Rakkestad Avis
- Type: Three days a week
- Owner(s): A-pressen
- Editor: Elin Marie Rud
- Founded: 1912
- Political alignment: Independent
- Headquarters: Storgata 8, 1890 Rakkestad
- Circulation: 2,515 (2013)
- Website: www.r-a.no

= Rakkestad Avis =

Norwegian newspaper

Rakkestad Avis is a local newspaper published in Rakkestad, Norway.

==History and profile==
The newspaper was started on 16 September 1912. It was published as Østfold Bygdeblad in Mysen from 1941 to 1986. The paper was affiliated with the Liberal Party, then the Norwegian Agrarian Association/Agrarian Party after 1920. Officially it was apolitical until 1936.
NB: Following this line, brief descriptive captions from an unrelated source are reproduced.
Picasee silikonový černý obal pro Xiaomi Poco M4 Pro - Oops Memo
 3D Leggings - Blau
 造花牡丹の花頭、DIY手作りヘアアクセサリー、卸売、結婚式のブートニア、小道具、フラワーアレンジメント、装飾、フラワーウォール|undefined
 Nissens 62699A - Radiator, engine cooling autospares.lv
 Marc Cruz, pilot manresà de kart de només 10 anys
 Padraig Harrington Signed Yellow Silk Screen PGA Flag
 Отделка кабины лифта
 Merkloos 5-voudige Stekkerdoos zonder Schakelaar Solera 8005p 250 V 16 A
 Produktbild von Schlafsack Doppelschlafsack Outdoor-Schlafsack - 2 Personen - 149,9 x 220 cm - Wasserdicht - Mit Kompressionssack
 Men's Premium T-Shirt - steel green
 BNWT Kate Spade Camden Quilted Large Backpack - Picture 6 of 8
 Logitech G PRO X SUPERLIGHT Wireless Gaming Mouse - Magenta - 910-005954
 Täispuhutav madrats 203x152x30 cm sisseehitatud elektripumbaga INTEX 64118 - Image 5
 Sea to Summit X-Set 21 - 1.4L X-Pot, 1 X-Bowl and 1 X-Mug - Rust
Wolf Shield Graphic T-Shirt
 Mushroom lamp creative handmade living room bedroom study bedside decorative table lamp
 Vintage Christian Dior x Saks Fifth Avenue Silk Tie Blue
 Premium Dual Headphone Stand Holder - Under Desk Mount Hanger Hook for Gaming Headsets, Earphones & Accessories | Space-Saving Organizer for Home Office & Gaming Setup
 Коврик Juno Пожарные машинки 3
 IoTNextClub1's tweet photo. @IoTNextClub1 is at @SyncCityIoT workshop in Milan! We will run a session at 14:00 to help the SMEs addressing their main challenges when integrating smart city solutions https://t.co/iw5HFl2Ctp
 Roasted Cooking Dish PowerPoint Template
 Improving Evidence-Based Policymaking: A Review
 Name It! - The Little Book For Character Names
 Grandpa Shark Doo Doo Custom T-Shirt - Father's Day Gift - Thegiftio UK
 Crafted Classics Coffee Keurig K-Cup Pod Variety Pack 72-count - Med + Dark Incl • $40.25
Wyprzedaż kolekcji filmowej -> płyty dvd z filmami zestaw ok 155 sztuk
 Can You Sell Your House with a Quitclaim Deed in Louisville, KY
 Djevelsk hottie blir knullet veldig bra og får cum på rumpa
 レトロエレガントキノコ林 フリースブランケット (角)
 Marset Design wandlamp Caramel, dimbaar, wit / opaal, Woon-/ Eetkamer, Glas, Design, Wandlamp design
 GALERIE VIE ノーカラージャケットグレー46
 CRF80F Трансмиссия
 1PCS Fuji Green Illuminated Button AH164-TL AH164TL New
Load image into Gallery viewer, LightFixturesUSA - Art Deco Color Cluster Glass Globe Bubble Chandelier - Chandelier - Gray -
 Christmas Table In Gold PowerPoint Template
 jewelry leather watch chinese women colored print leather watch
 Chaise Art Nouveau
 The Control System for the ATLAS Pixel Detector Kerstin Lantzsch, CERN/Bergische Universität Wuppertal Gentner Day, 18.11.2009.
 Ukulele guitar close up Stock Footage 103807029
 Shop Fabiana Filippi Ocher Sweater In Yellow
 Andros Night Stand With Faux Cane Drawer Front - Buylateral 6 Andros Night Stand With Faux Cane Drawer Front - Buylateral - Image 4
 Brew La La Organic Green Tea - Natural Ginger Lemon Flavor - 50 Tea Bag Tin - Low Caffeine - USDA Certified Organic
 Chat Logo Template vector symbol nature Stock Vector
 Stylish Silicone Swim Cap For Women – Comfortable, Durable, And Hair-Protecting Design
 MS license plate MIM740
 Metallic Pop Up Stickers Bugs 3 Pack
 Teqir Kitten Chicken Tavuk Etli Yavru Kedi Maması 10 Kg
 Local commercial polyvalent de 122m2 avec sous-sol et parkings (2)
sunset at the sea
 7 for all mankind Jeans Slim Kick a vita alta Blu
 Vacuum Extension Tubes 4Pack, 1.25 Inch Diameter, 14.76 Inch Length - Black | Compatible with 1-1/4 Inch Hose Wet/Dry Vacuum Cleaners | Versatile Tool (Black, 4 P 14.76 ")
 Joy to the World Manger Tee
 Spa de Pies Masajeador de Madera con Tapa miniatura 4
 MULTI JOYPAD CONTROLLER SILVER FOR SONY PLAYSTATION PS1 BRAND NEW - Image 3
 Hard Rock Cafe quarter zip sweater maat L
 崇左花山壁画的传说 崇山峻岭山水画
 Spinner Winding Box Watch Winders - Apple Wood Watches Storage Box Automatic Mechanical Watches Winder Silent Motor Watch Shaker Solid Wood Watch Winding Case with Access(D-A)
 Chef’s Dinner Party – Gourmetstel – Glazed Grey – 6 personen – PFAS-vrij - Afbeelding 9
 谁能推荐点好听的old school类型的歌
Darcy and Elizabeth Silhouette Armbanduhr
In 1941, during the occupation of Norway by Nazi Germany, the Germans amalgamated it with the newspaper Lokalposten, and gave it the name Østfold Bygdeblad from 2 April 1941. The newspaper was eventually moved to Mysen, but it was moved back as the name reverted to Rakkestad Avis from 2 January 1987. It is published three days a week. A competitor from 2002 to 2008 Rakkestad Bygdeblad tried to publish on three other days of the week, but succumbed.

Rakkestad Avis is now published by the company Rakkestad Avis AS, which is owned 100% by A-pressen. The paper had a circulation of about 1,842 copies in 1963. The 2013 circulation of the paper was 2,515 copies.